___ Source data

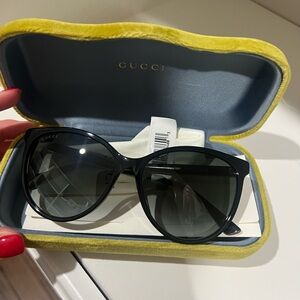 Authentic Gucci Sunglasses NWT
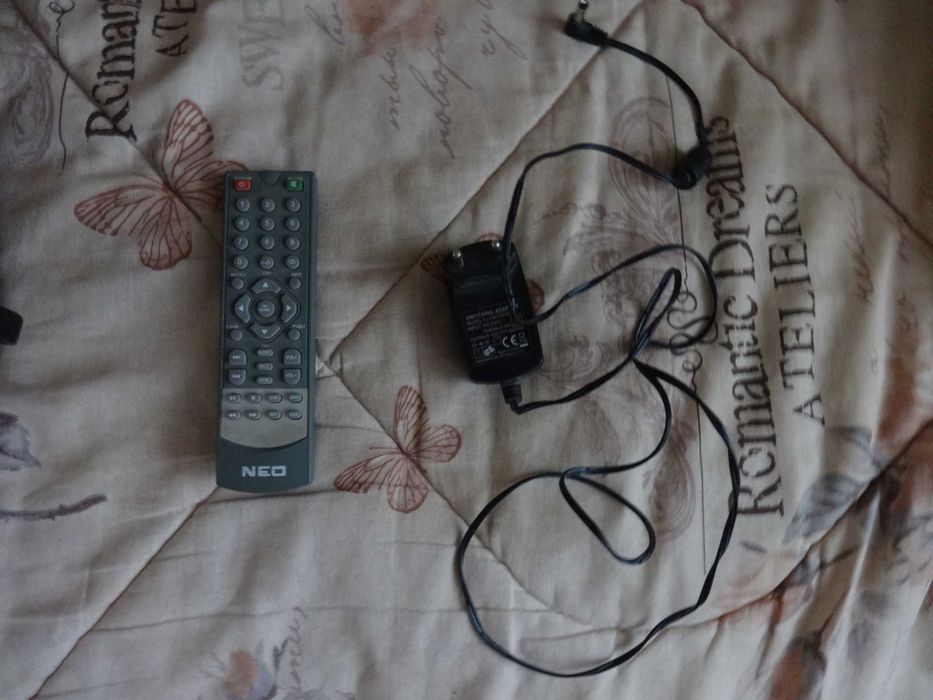 Преносимо телевизорче NEO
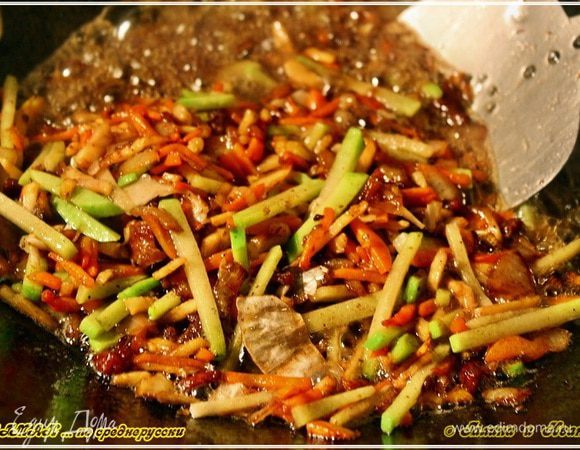 И перемешивать не забывайте. Тщательно. Но! Деликатно.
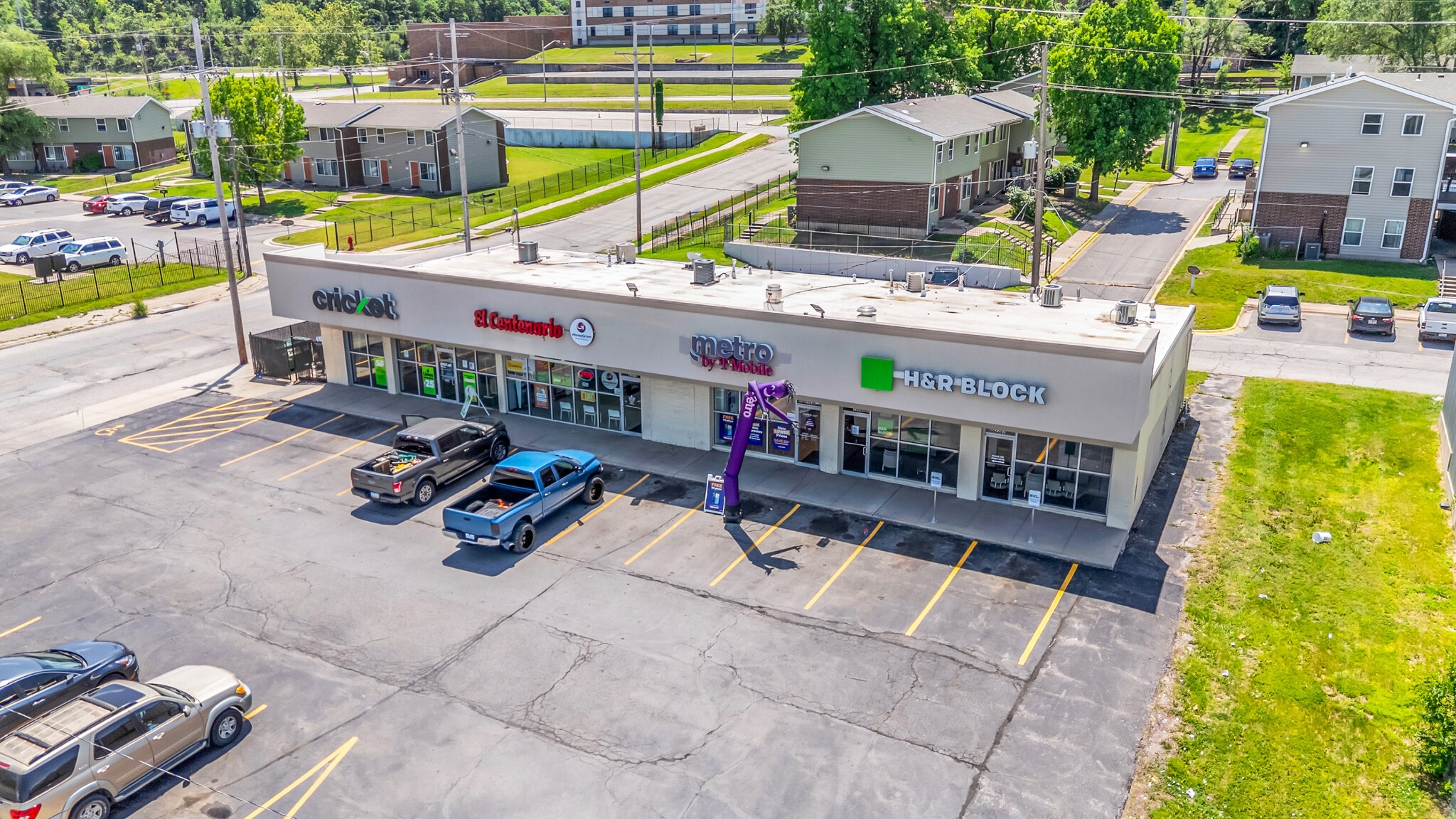2201 Metropolitan Ave, Kansas City, KS for Sale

______

● Task goal:
Please retype, exactly as they appear, the lines from the one with "Преносимо телевизорче NEO" through the final line of the material, both included, and drop any pictures.

● Expected answer:
 Преносимо телевизорче NEO
 И перемешивать не забывайте. Тщательно. Но! Деликатно.
2201 Metropolitan Ave, Kansas City, KS for Sale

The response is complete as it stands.